Humans are natural, and thus human diversity is part of ecological diversity. Technologies created by humans are also natural and, therefore, also part of environmental diversity. Human plasticity is at the same time social, technological, and ecological. The more kinds of people and technologies there are, living in the more diverse ways, the more thoroughly we will be able to degrade and expend planetary energy. However, this is true only as long as some of these ways do not reduce the capacity of others (living and non-living) for diverse dissipation.

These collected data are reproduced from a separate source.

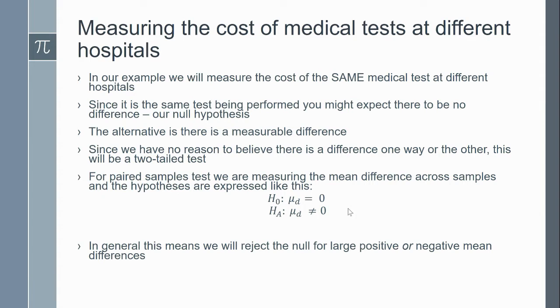In general, this means we're going to reject the null when we have large positive or negative mean differences. So we'll go ahead and jump into Minitab.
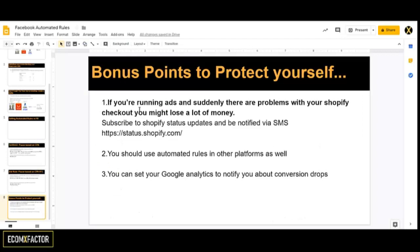Running automated rules is something you need to do not just on Facebook, but also on Google Ads, native ads, or whichever ad platform you're using. Some people don't use it because they lack experience, or they work at agencies that don't mind losing money as much as you would when it's coming out of your own pocket. The techniques are similar across platforms — just find the automated rules section in Google Ads or wherever, and implement your rules.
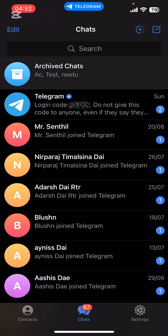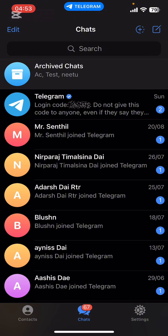If you don't have the app yet, you can get it from the Google Play Store or the Apple App Store. Once you do that, go ahead, launch the app, then sign in. Now on the screen at the bottom you're going to see options like Contacts, Chats, and Settings.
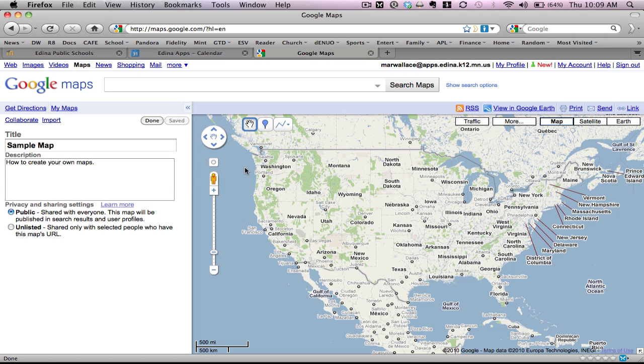Once the document is saved, I'm now ready to begin creating content on the map on the right side.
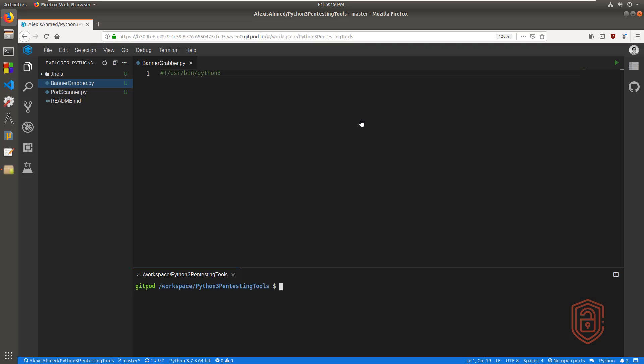Hey guys, Hackersploid here back again with another video. In this video, we are going to be taking a look at how to create a banner grabber with Python 3. The reason I'm making this video is I got a lot of requests to explain the process of what's happening behind the scenes and the various ways one can go about creating a banner grabber with Python 3. So without any further ado, let's get started.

Human diversity is also like a dendritic lightning strike that tries out living in different ways, in different places, with different techniques, cultures, and technologies. The more forms of thinking, doing, and being there are, the more varied the methods of energetic expenditure. Just as there is no one organism or way to extract energy in an ecosystem, there is no one human social ecology either.

If humans want to survive, they need to increase the rate of long-term planetary expenditure. To do that, they will need a plurality of techniques that respond to the singularities of their geography. In other words, humans need to multiply their values, habits, technologies, and cultures with and as part of ecological diversity more broadly.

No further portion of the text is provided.